The capital markets have a range of products that provide an investors different risk profiles. Most products which include, bonds, commodities and currencies, focus on specific movements in one area. Indices on the other hand provide and investors with a wide range of risk which is exposed to the equity markets. The risk is generally geared to higher risk assets that will perform well when interest rates are stable and growth is moderate.
What is index trading?
An index is generally made up of a group of stocks and is based on a calculation that changes during every minute that stocks are open for trading. For example, the S&P 500 index is a market cap based index where the larger stocks have a greater influence on the movement of the overall index. Specific large stocks can have a strong influence on an index. For example, the Dow Industrials has large stocks such as Exxon Mobile and Chevron Texaco which can be influenced by the price of oil. If energy shares are having a bad day, the Dow Industrials are likely to feel the pain of declining energy stocks.
Indices allow traders to take many types of positions. Investors can take directional position where they can buy and sell the index looking for a change in price, or they can take pair positions where the purchase one index and simultaneously sell another index. A pair trade is a market neutral trade where the invest is not exposed to the direction of the overall market, but instead is exposed to the relative change in one index compared to another. For example, if you purchase the S&P 500 index and sold the DAX, you would benefit if U.S. stocks outperformed Germany stocks. Pair trades such as the S&P 500 versus the DAX allows and investor to take on a macro trade that is similar to purchase the Euro and selling the U.S. dollar.
Put & call options
Many forex traders will also take options position on indices.
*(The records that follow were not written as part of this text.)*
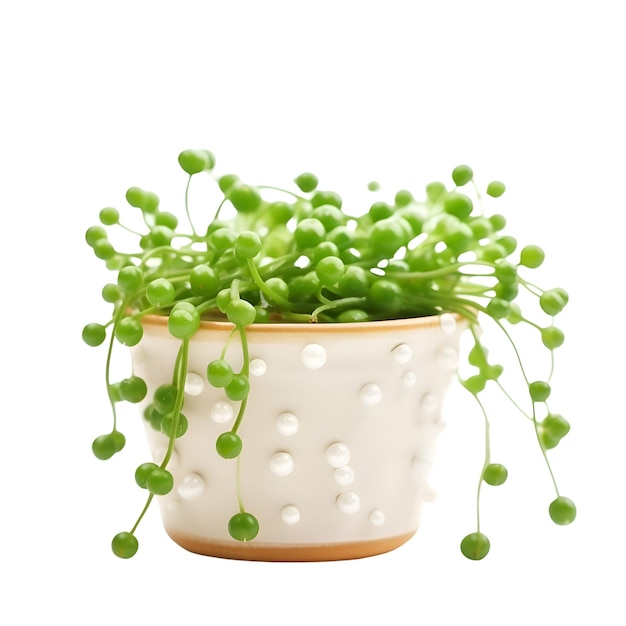 Green microgreens in a pot isolated on a white background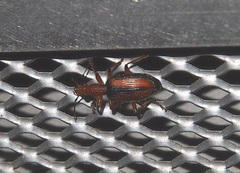 Drypta lineola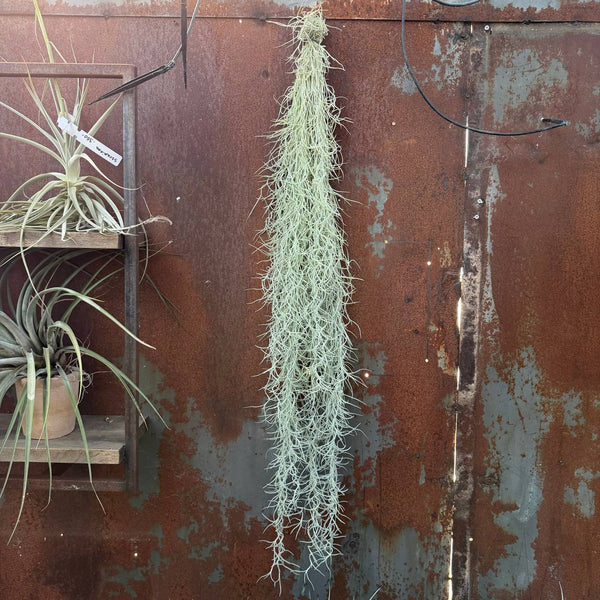 טחב ספרדי (Spanish Moss / Usneoides)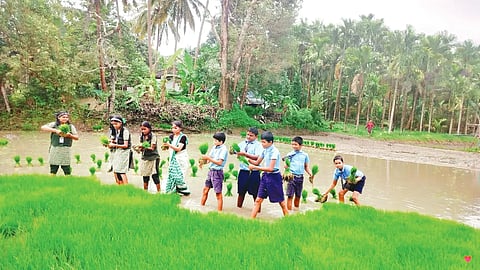 Rice planting by students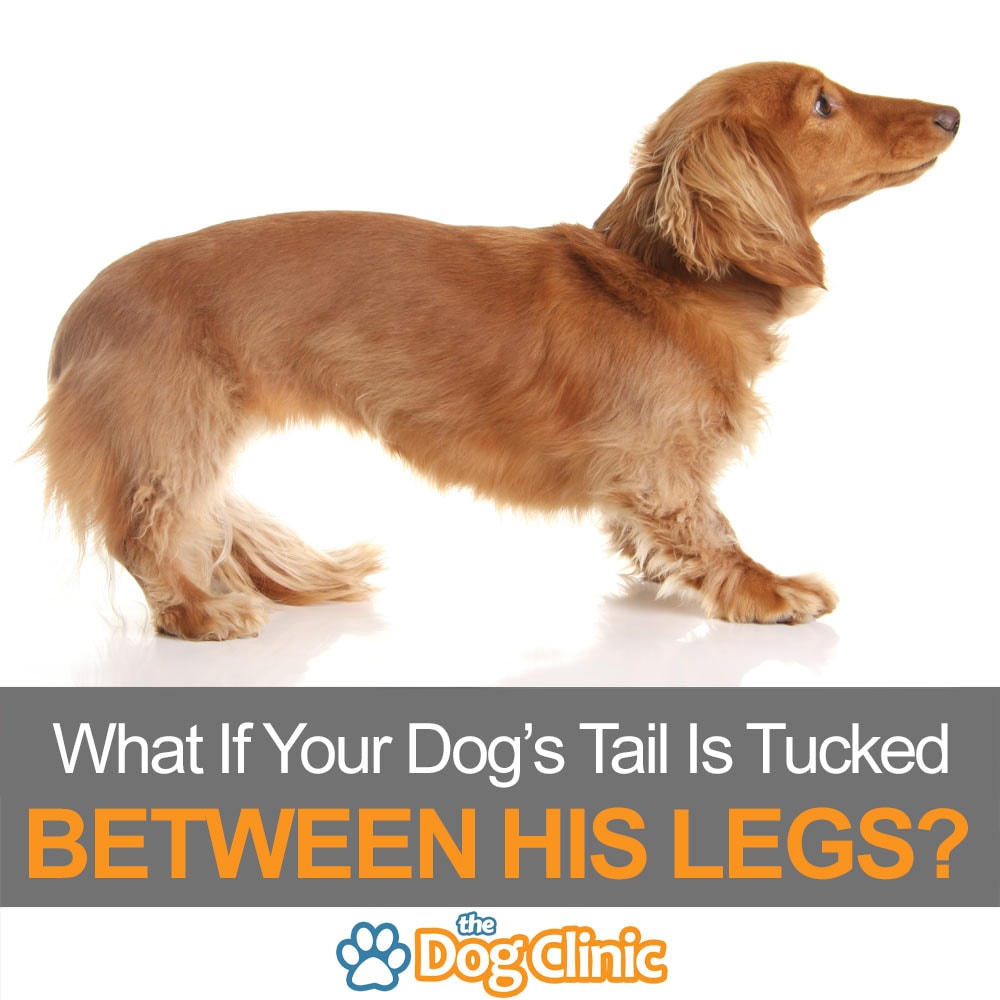 dog-tails-tucked2.jpg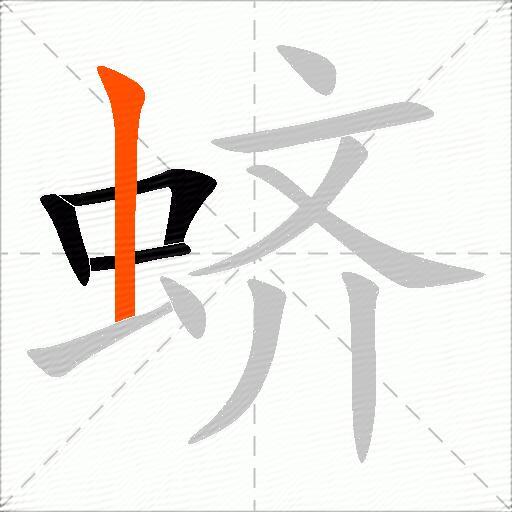 蛴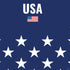 USA Flag Stars PS4 Controller Skin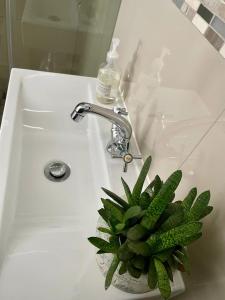 a green plant in a white sink with a faucet at Stellenbosch Serenity Suite in Stellenbosch +9 photos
A call option is the right but not the obligation to buy a stock at a specific price on or before a certain date. Options trading is very popular as your risk is defined to the premium you pay for the option. A put option is the right but not the obligation to sell an index at a specific price on or before a certain date.
Most indices have a broad array of sectors incorporated within them. There are some, like the Nasdaq 100 that are focused on a specific industry. The Nasdaq 100 is heavily weighted toward the technology sector. So if you are interested in either buying or selling that specific space, you can use the Nasdaq 100 to speculate on the future direction of this area. Additionally, you can take sector pair trades by using the Nasdaq 100 by generating a pair trade.
The benefits of trading an index is broad. You can take a macro bet on the direction of a market, or take a sector bet. Indices provide the ability to take market neutral bets using pair trades, or option bets where you mitigate your risk. However, you use indices; they should be part of an active trader’s arsenal.